You can work on distance and speed in the same week, but make sure to slow your pace on the days you run slightly longer distances.
How To Do Progressive Overload Right
Ready to start going harder, better, faster, stronger? Progressive overload has the power to take your performance (and body) to the next level—but it’s all too easy to turn overload into overboard.
As pumped as you may be to step up your workouts, it’s important to stick to the experts’ guidelines for adding incremental challenges. “All too often people end up crushing their bodies so much they burn out, which can lead to injury and a lack of motivation,” says Clayton. If you constantly feel tired, achy, sore, or irritable, you might be overdoing it, he says. And though these signs start to pop up after a few days, it might take two weeks for them to really knock you on your butt.
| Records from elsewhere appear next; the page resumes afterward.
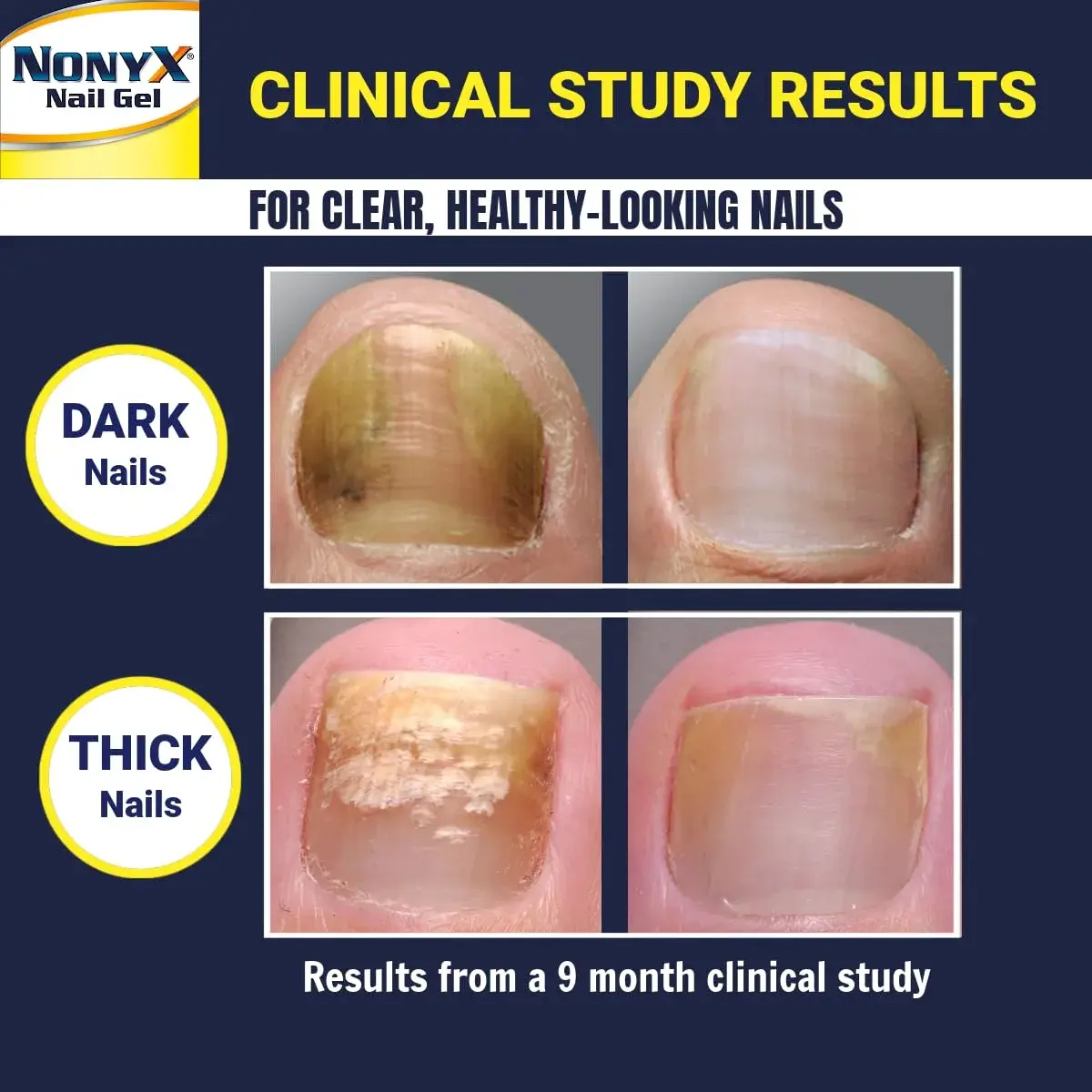 NONYX Fungal Nail Clarifying Gel (8 Fl Oz / 237ml) | Clinically Proven for Discolored, Thick, Brittle, Yellow, Lifted Nails - view 4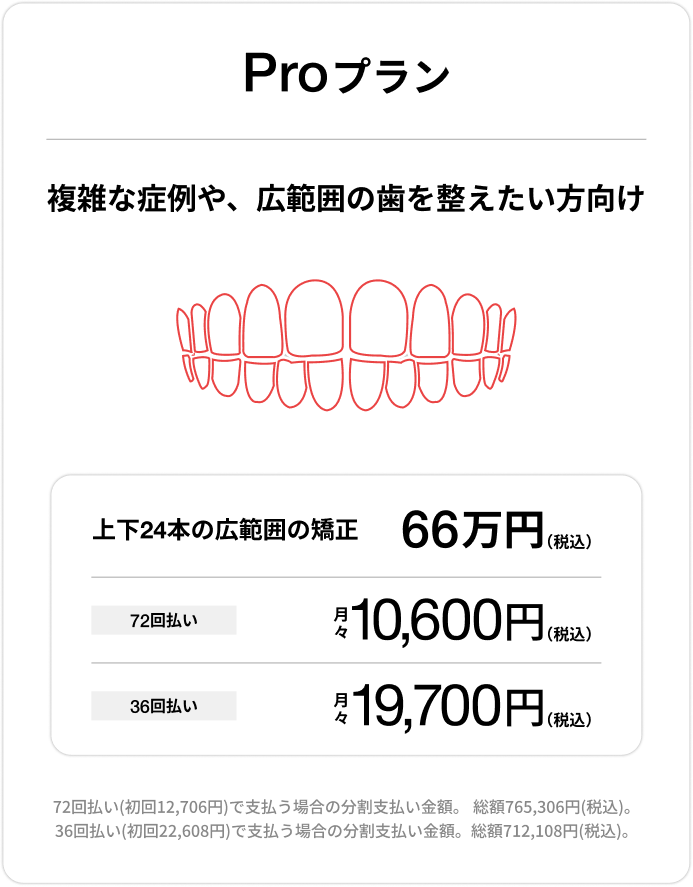 Proプラン、上下前歯24本の部分矯正66万円(税込)、72回払い 月々10,600円(税込)、36回払い 月々19,700円(税込)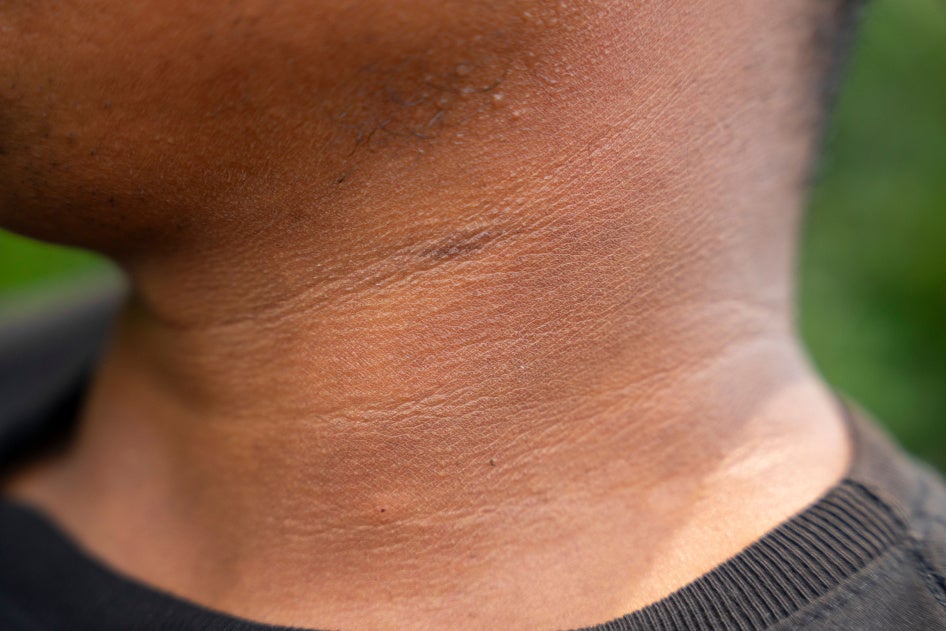 scars on a neck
To avoid burnout, keep these tips in mind as you progressively overload:
1. Give yourself time to recover.
Obviously your workouts are key, but it’s in the 24 to 48 hours after you work out that you actually become stronger, says Clayton. So stick to three or four high-intensity ‘overload’ workouts per week and either rest or do low-intensity exercise—like walking or jogging—in between, says McCall. And every two or three months, take a full week off to rest and recover. You’ll come back to your workouts with the restored glycogen and revitalized energy you need to crush your workouts, he says.
2. Be patient with your progress.
Progress isn’t always linear, so don’t hold your gains to too tight a timeline. “It’s not like you’ll get better every time you work out,” says Clayton. “There’s always variability based on your stress levels, recovery, diet, and other factors.” You might be able to hit 15 reps in one workout and barely make it to 10 the next. Focus on the long-term, and don’t beat yourself up for having a bad day or week. Clayton recommends looking at your progress in six to eight-week periods.
3. Eat enough.
Don’t drastically cut your calories while pushing your body to its limit during your workouts. While exactly how many calories you need depends on your current weight and fitness level, the experts agree you shouldn’t have more than a 500-calorie deficit per day. When you demand more of your body, your body needs more calories, Clayton explains. Which brings us to our next point…
4. Pack in the protein.
Whether you’re aiming to improve your cardio or build muscle, down about 1.2 grams of protein per kilogram of body weight per day (about 70 grams of protein for a 130-pound person, says Clayton. Your muscles are built out of amino acids, the molecules in protein—so not eating enough of this nutrient will hold back your progress. Protein is your number-one priority, but carbs are important, too, since they’re your muscles’ primary source of energy. Eating a protein and carb-rich snack after your workouts—especially if you’re training for more than an hour five days a week—can also help ensure you’re well-fueled. Clayton recommends a snack that contains one gram of protein for every four grams of carbs, like chocolate milk.